Monica is a graduate of DIGNITY Diversion. Forced into this program by another prostitution arrest, Monica sat in a classroom from 8 AM to 4 PM, without food, while vice cops described girls overdosing on heroin. Jail was held over the heads of attendees until they finished the program, though many were going broke from their loss of sex-work income. Monica described the class as having the religious overtones of an Alcoholics Anonymous meeting. In keeping with the program's Catholicism, no condoms were provided. Neither was child care.
"I wasn't ashamed about being a sex worker. I kept bringing this up during the diversion program," Monica told me. "Girls would ask me why I didn't feel this way. Well, 'cause I don't. I have the right to my own body."
Catholic Charities requested that Monica leave early, fearing her influence on others.

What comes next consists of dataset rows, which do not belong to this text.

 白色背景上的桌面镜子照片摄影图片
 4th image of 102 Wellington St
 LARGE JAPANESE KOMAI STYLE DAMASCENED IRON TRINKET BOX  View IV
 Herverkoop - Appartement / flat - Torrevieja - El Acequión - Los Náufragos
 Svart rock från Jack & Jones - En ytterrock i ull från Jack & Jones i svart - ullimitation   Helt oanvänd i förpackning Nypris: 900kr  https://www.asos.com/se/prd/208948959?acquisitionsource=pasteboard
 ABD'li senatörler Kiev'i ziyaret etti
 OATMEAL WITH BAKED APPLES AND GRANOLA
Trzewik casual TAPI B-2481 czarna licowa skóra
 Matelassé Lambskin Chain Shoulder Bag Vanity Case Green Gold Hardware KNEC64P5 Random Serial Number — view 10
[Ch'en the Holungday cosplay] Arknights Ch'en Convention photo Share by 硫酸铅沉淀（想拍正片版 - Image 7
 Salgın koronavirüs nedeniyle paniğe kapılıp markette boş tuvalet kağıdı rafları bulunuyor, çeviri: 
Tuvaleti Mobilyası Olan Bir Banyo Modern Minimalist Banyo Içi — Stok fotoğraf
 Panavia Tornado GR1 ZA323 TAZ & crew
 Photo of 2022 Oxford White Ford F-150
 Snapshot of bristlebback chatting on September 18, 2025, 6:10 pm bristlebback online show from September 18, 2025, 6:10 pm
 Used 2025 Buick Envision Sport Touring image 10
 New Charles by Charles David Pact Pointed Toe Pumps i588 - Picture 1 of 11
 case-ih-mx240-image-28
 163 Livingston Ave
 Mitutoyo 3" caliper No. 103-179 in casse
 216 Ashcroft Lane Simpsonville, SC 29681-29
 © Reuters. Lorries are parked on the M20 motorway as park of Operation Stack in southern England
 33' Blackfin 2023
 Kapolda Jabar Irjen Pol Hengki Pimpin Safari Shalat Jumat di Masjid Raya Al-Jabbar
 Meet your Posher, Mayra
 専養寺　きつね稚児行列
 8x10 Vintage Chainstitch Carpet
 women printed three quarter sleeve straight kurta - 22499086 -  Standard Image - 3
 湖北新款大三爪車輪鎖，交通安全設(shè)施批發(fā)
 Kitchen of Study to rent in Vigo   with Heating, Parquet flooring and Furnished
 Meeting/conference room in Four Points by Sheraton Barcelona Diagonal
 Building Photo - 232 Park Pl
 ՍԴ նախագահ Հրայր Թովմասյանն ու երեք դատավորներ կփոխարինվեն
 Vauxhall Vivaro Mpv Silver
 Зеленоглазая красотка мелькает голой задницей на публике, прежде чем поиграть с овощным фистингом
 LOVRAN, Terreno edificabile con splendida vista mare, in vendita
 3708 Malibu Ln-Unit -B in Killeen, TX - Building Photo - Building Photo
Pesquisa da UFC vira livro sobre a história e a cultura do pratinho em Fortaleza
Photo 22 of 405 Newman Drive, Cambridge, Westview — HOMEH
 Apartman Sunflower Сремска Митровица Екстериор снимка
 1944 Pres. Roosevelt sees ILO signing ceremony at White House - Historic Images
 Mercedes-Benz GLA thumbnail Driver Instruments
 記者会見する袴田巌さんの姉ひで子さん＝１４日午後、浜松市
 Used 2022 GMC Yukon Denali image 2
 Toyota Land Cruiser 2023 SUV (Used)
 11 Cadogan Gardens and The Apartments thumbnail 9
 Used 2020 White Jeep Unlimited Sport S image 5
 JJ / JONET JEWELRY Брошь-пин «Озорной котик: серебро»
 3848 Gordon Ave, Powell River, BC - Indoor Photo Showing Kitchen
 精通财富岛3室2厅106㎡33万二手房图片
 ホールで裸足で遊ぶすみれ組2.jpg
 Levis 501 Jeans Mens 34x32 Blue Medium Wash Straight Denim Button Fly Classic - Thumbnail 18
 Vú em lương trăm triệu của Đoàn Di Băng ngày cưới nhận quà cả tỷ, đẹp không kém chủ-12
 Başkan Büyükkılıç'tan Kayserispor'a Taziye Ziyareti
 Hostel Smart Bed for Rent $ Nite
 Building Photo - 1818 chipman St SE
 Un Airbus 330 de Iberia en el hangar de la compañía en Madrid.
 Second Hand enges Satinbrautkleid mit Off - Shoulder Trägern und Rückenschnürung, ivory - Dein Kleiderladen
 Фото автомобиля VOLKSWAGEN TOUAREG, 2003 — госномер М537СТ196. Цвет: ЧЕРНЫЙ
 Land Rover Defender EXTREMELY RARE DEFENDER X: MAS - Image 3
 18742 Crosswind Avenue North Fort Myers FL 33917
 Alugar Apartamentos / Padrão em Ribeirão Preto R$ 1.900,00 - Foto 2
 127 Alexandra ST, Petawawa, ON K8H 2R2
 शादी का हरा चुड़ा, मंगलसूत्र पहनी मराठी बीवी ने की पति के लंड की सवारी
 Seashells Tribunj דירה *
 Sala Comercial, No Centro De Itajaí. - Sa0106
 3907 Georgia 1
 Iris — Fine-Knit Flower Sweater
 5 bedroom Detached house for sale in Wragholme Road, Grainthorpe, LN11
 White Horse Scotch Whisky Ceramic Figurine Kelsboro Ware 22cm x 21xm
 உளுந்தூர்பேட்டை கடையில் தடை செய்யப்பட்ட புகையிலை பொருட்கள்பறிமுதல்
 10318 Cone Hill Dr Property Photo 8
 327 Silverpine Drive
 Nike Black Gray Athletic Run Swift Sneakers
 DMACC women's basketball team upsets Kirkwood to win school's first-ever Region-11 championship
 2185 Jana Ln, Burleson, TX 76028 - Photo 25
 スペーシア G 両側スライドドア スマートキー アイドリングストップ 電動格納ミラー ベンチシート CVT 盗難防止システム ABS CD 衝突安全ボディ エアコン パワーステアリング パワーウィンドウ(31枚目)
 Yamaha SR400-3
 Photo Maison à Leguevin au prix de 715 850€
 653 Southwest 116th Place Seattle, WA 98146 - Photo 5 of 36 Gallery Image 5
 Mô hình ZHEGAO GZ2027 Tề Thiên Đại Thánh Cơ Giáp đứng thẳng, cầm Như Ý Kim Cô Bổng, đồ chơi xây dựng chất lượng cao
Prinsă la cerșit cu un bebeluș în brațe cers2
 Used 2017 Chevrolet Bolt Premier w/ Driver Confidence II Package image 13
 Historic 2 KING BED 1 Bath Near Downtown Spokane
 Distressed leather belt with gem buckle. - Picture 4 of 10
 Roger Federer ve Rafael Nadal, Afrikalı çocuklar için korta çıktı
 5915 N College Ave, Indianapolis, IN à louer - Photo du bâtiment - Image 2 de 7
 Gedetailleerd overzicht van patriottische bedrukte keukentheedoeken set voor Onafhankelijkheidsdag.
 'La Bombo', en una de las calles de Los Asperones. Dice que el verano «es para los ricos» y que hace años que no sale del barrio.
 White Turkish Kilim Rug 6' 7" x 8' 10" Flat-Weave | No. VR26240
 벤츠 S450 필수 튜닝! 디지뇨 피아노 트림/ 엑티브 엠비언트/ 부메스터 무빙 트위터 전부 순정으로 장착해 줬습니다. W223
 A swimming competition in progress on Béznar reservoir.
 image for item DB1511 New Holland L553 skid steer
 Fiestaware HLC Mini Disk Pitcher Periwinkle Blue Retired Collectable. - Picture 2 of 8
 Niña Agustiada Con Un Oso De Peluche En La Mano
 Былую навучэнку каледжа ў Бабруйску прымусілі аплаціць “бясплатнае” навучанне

Monica's trial is in March. The prisons she may be sentenced to are brutal. Arizona is the home of the notorious Tent City, an outdoor complex of bunks and razor wire, where prisoners' shoes melt from the relentless heat.
In 2009, Marcia Powell, a sex worker serving two years for agreeing to a $20 blowjob, was left in an open cage in the maximum-security yard of Perryville Prison Complex for four hours. Guards ignored her pleas for water. Under the pitiless sun, her organs failed her. Her corpse was covered with burns.
No guard has ever been charged for Marcia Powell's death.
"There is no gray. It's illegal behavior," Dominique Roe-Sepowtitz said, speaking about prostitution to Al Jazeera.
Like Catholic Charities' hooker tours, her attitude is Victorian. To those like Roe-Sepowitz, there are God's poor and the Devil's poor. There are victims Project ROSE can save, and there are repeat offenders, unrepentant whores. They can be locked in cages and dismissed.
When the police brought Monica to the Bethany Baptist Church, she saw Dominique Roe-Sepowitz. "She refused to talk to me," Monica said. "She wanted nothing to do with me."
Why would she? It's easier to speak for people if you pretend they have no voice.